### Task brief
Only the text of the records belongs in the answer, copied exactly, with every picture omitted.

### Data to examine

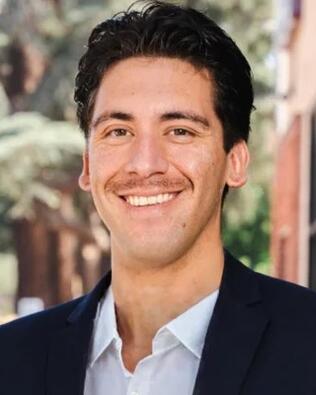 Headshot of Edgar Limon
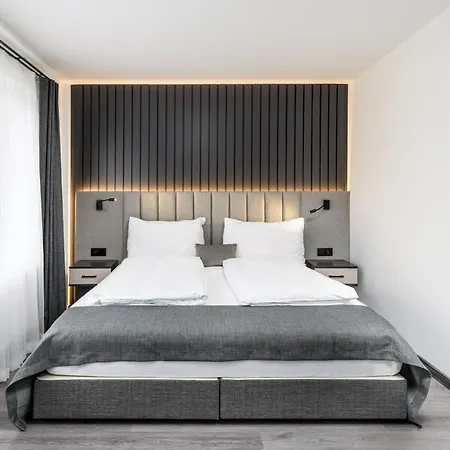 Bed and breakfast Parkhotel Braunau - 24 Stunden Self Check-in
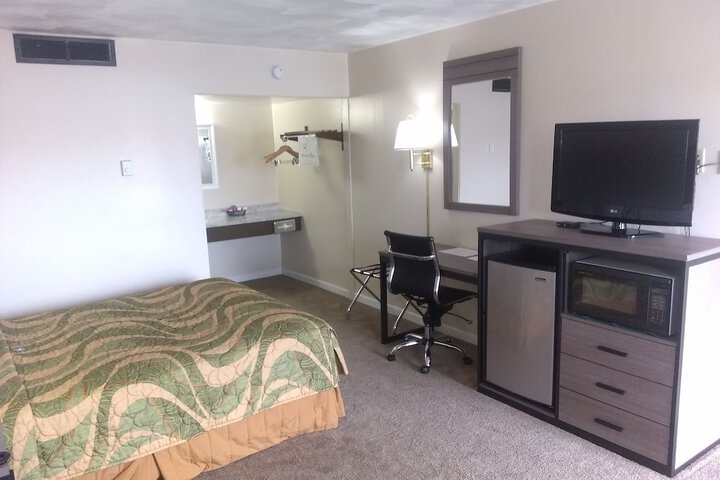 Room 32 of 38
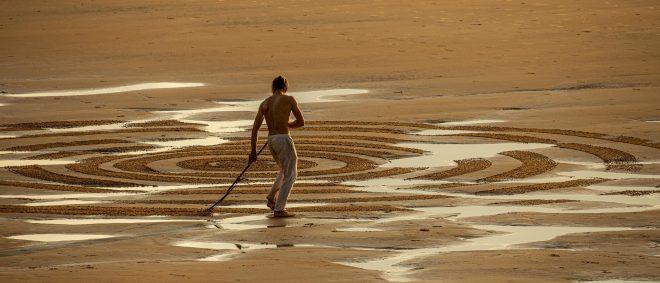 beach art acting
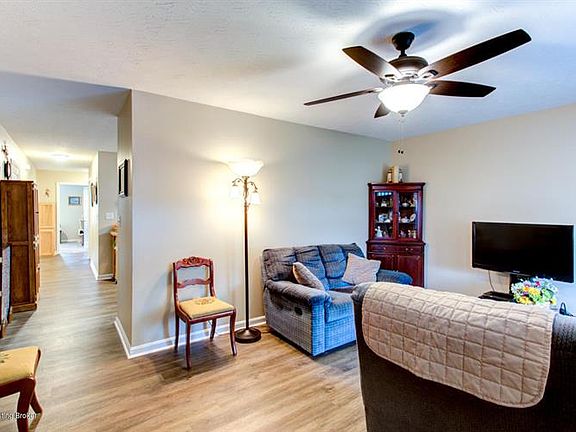 4th image of 111 Clifton Ct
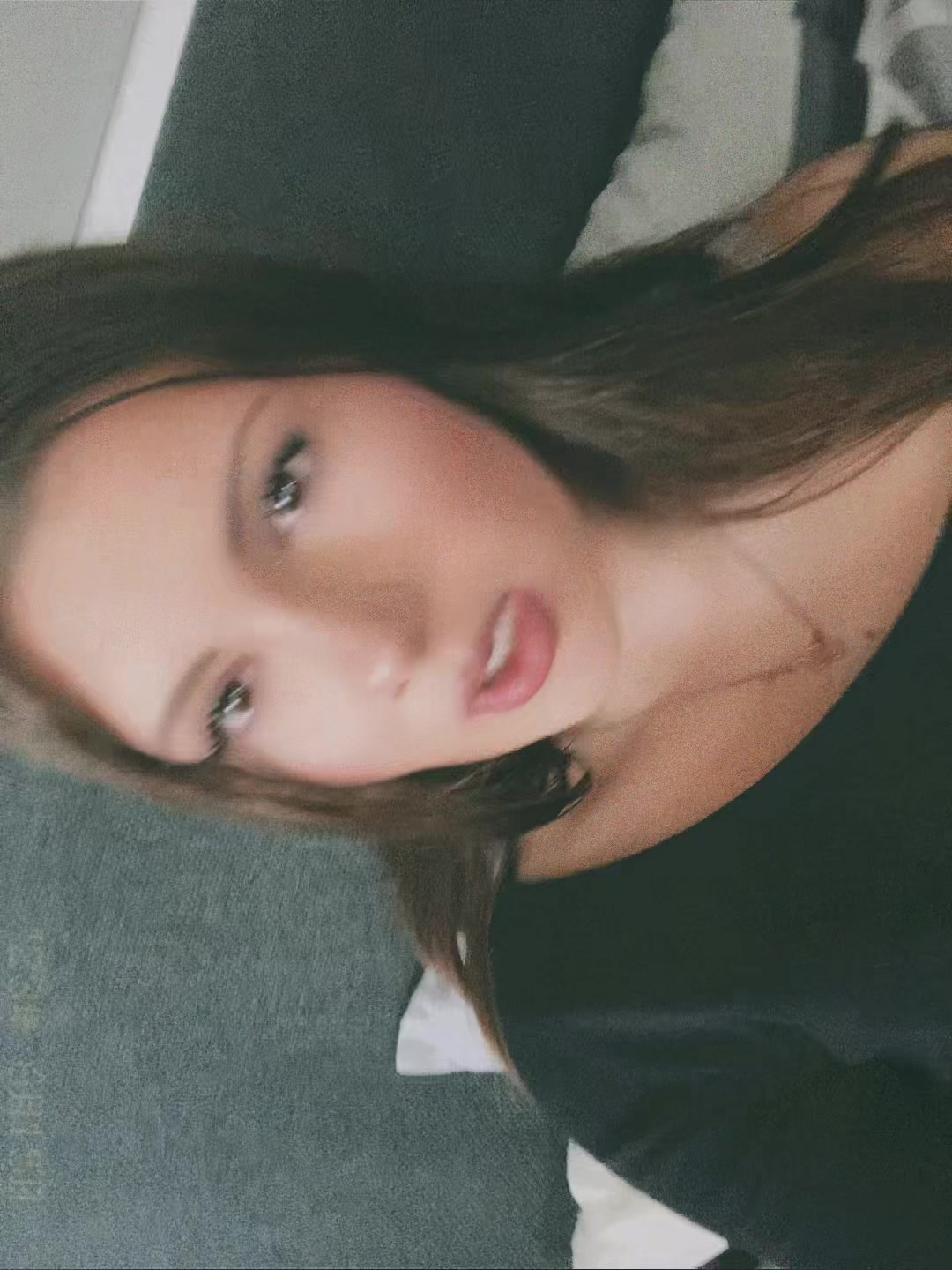 @anni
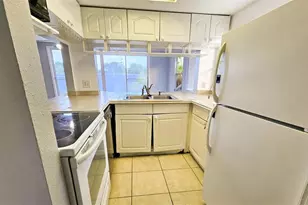 207 Orchid Dr, Davenport, FL 33897 - Photo 5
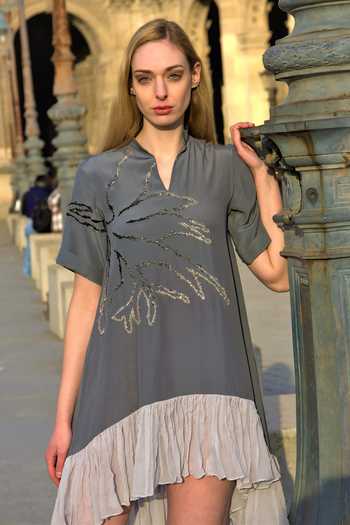 SEESA-Green tent-fitted dress with embroidery details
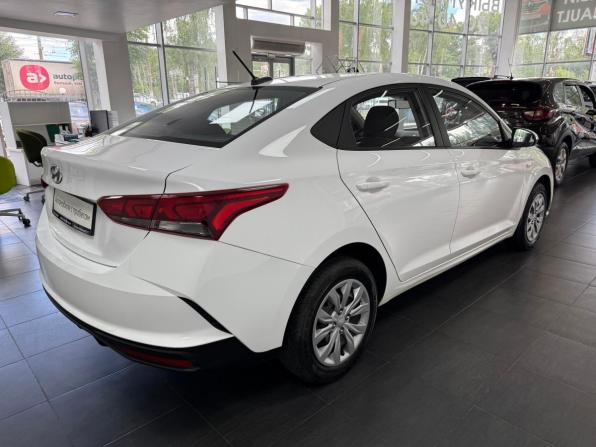 Hyundai Solaris II Рестайлинг с пробегом 2021 года, цена 1 598 000 рублей, 84237 км, седан, Автокод Объявления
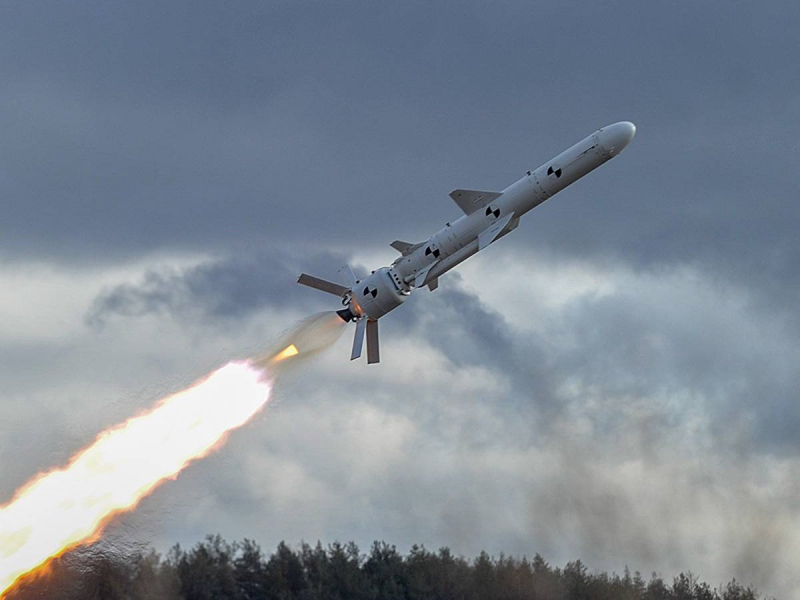WSJ: США передадут Украине разведданные и ракеты для ударов вглубь России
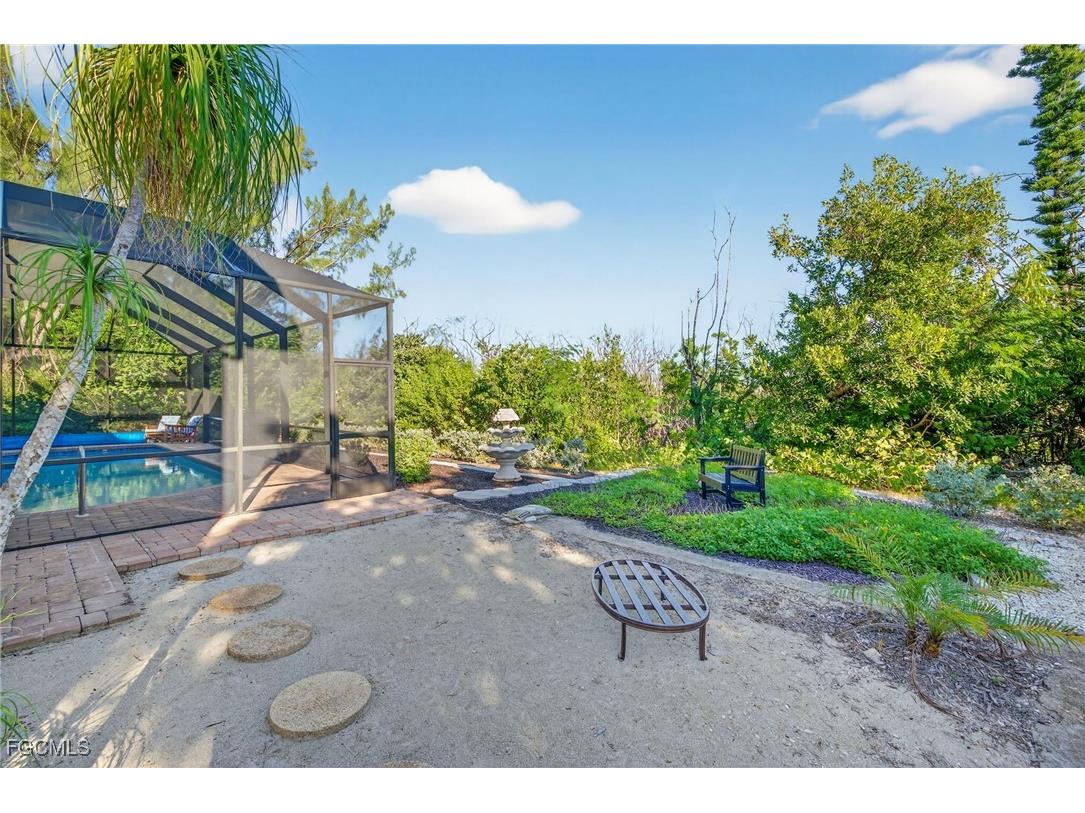 1747 Serenity Lane Sanibel FL 33957 2025017195 image39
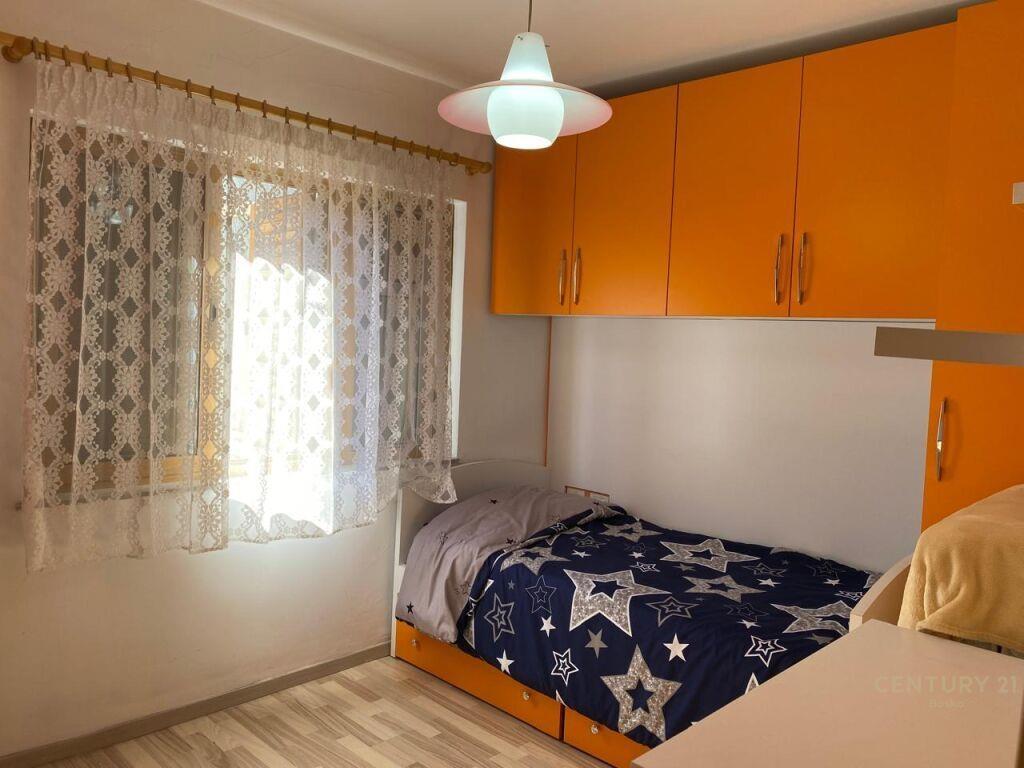 ME QIRA APARTAMENT 3+1 NE RRUGEN E ELBASANIT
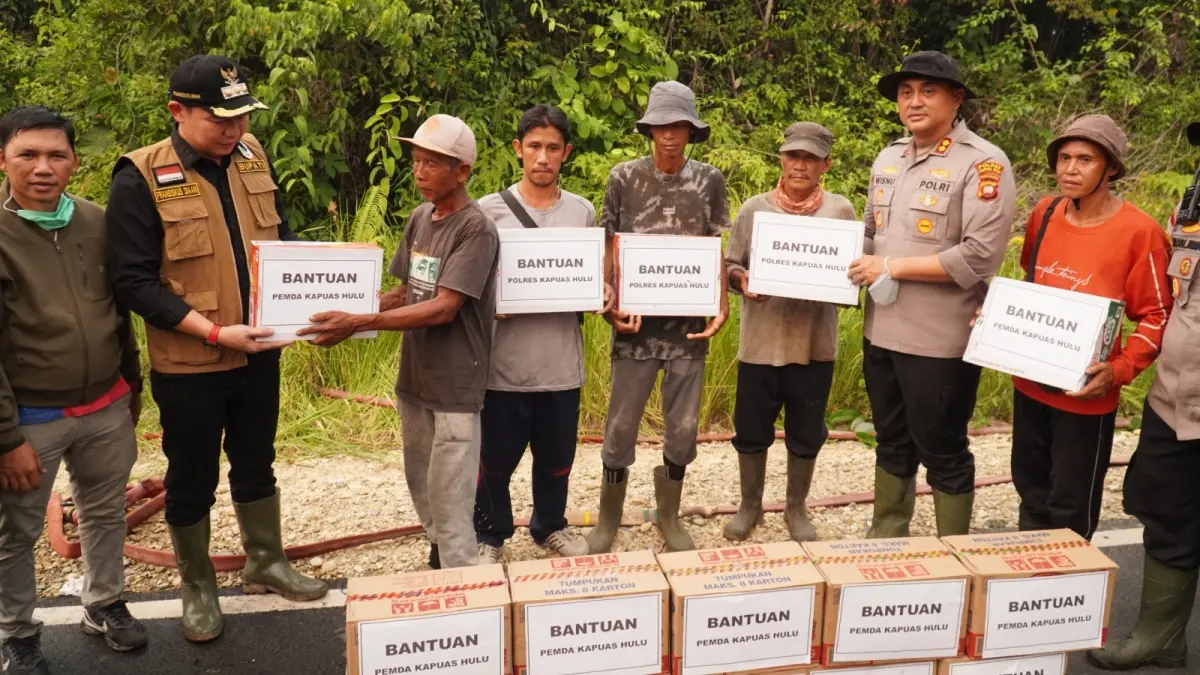 Kapolres Kapuas Hulu AKBP Wisnu Perdana Putra saat menyerahkan bantuan kepada masyarakat Selimbau yang membantu memadamkan api. (ISTIMEWA)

### Written response
 Headshot of Edgar Limon
 Bed and breakfast Parkhotel Braunau - 24 Stunden Self Check-in
 Room 32 of 38
 beach art acting
 4th image of 111 Clifton Ct
 @anni
 207 Orchid Dr, Davenport, FL 33897 - Photo 5
 SEESA-Green tent-fitted dress with embroidery details
 Hyundai Solaris II Рестайлинг с пробегом 2021 года, цена 1 598 000 рублей, 84237 км, седан, Автокод Объявления
WSJ: США передадут Украине разведданные и ракеты для ударов вглубь России
 1747 Serenity Lane Sanibel FL 33957 2025017195 image39
 ME QIRA APARTAMENT 3+1 NE RRUGEN E ELBASANIT
 Kapolres Kapuas Hulu AKBP Wisnu Perdana Putra saat menyerahkan bantuan kepada masyarakat Selimbau yang membantu memadamkan api. (ISTIMEWA)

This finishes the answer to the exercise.